Unofficial tallies from Tuesday's special election show Tigard voters passed a ballot initiative requiring public approval for any light rail or bus rapid transit project through the city.

The initiative has passed by 5,066 votes to 4,846 votes—a margin of 220 ballots—with all precincts reporting.

That vote, a victory for suburban light-rail opponents, effectively blocks regional government Metro from creating a Southwest Corridor High Capacity Transit line along Barbur Boulevard—a project that could cost as much as $1.6 billion and include drilling a second train tunnel through the West Hills under Oregon Health & Sciences University.

That plan is crucial to Portland officials. Mayor Charlie Hales and City Commissioner Steve Novick both made fundraising phone calls to fight the ballot initiative.
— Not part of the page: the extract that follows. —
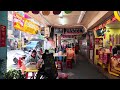 walk from keelung station to keelung zhongshan bridge｜4k hdr｜基隆中山陸橋 舒淇橋 整修完✨明亮登場✨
"Do I have a dog in the fight? I've got a poodle, a schnauzer and a Great Dane," Novick told WW last month. "We can't have a rational transportation system that's not regional."

Metro is already asking Portland to contribute funds to study the environmental impacts of that rail or bus line. The effect's of Tuesday's vote on that study—and its funding—still aren't clear.

"We're all trying to figure that out," Novick now tells WW. "I need to have conversations with our regional partners—mayors (including [Tigard] Mayor Cook), Washington County, Metro, TriMet—about this before I do any elaborating."

Hales' office declined comment today on the Tigard election results, citing Wednesday's police shooting and Friday's "State of the City" address as more pressing matters.